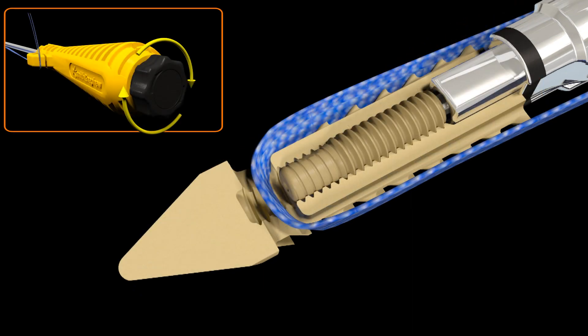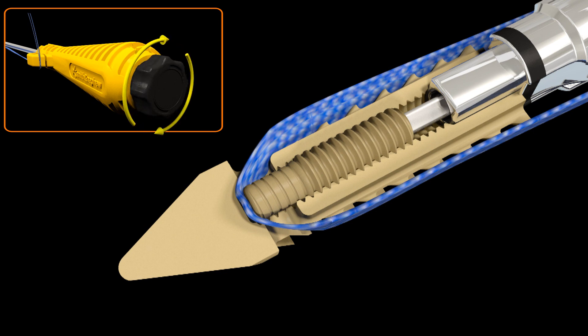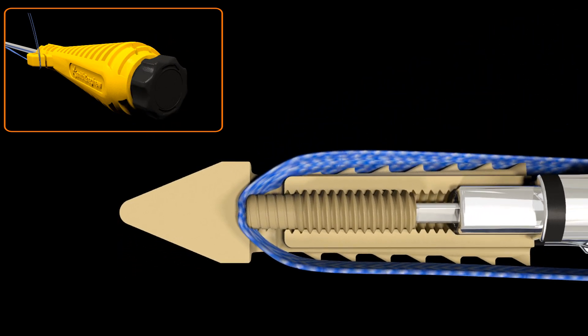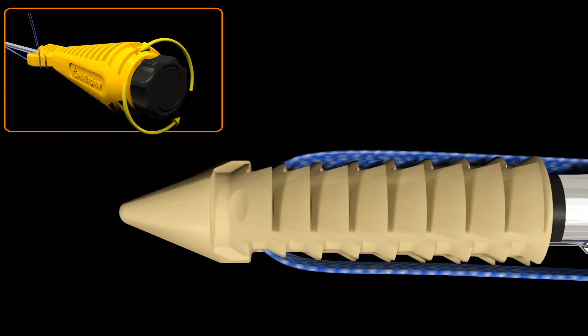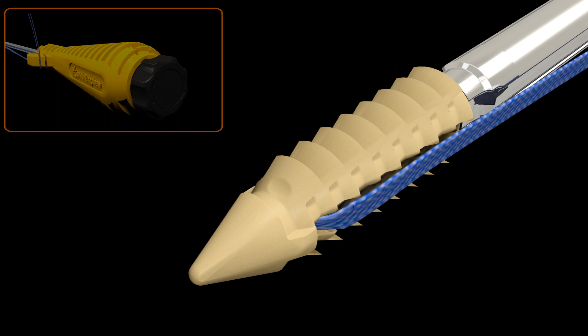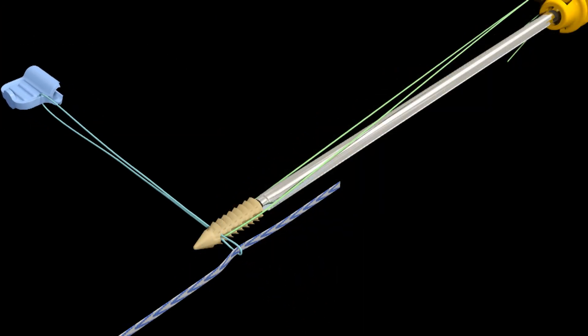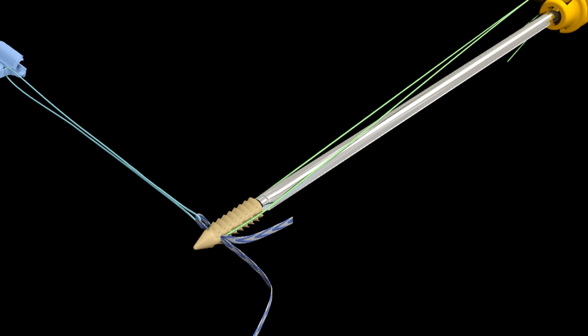At this point, the green stay suture is removed and discarded. Rotate the knob clockwise until a loud click is heard — this click acknowledges that the interlocking screw has deployed and the Ultra Tape is locked internally in the anchor. Now rotate the inserter knob one quarter turn counterclockwise to allow for easier separation of the anchor from the inserter.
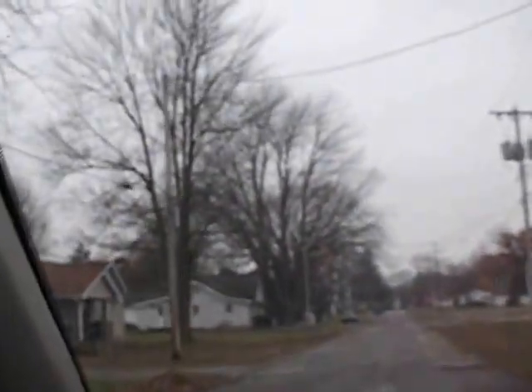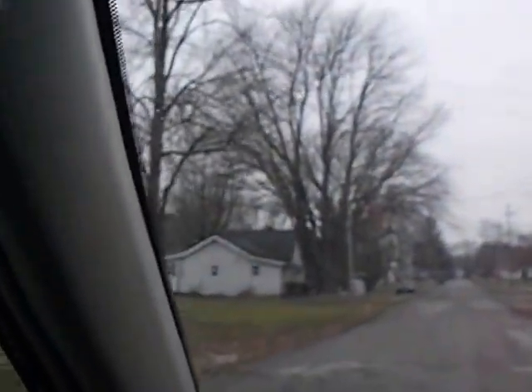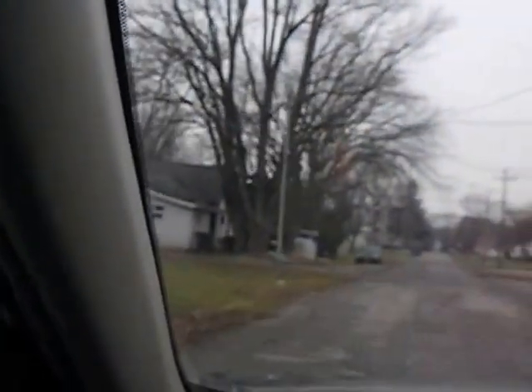We are on our way to go get something to eat. I don't know how long these batteries are going to last, because they are pretty low — they are showing red.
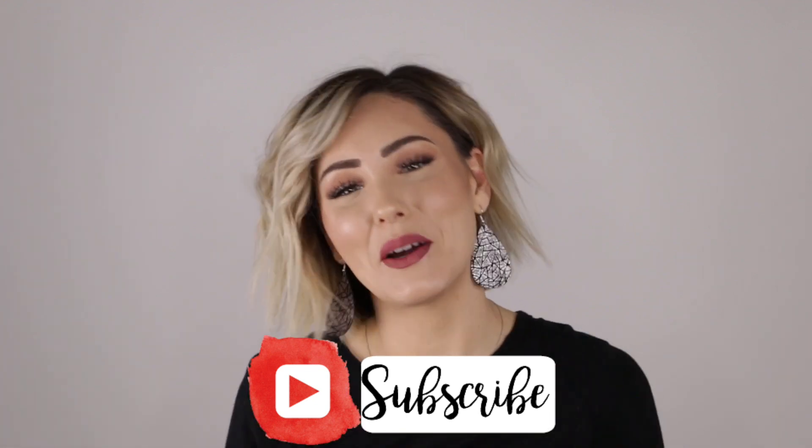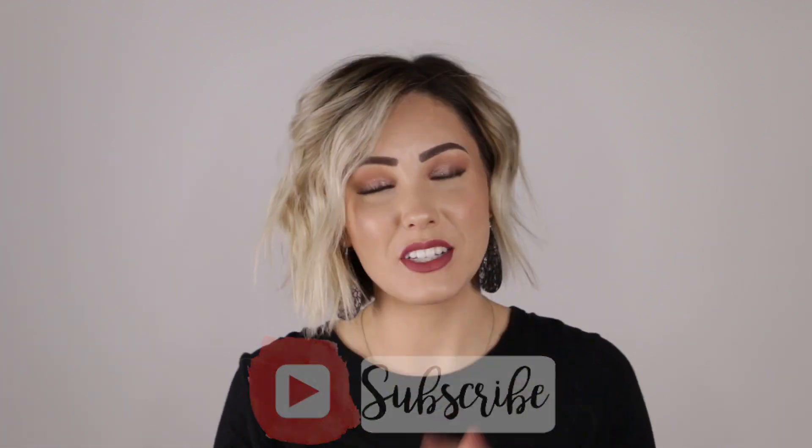Hi guys and welcome back to my channel. If you guys are new here, welcome — I'm so happy that you're here. Make sure to subscribe down below and give this video a thumbs up if you liked it.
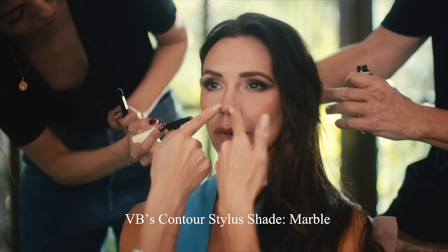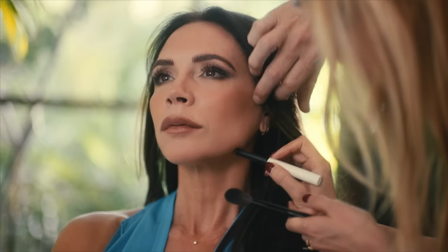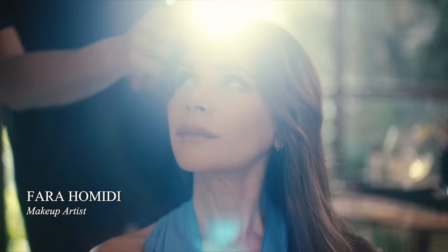And a little V for Victoria. I love the fact — and I keep saying it — but no one is doing a contour stilo that is so fine. They're all so thick. It just glides so easily, do you see that?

* _Work instructions_: What you give back must be the data above, reproduced exactly and free of pictures.

* _Problem solution_:
At this point, the green stay suture is removed and discarded. Rotate the knob clockwise until a loud click is heard — this click acknowledges that the interlocking screw has deployed and the Ultra Tape is locked internally in the anchor. Now rotate the inserter knob one quarter turn counterclockwise to allow for easier separation of the anchor from the inserter.
We are on our way to go get something to eat. I don't know how long these batteries are going to last, because they are pretty low — they are showing red.
Hi guys and welcome back to my channel. If you guys are new here, welcome — I'm so happy that you're here. Make sure to subscribe down below and give this video a thumbs up if you liked it.
And a little V for Victoria. I love the fact — and I keep saying it — but no one is doing a contour stilo that is so fine. They're all so thick. It just glides so easily, do you see that?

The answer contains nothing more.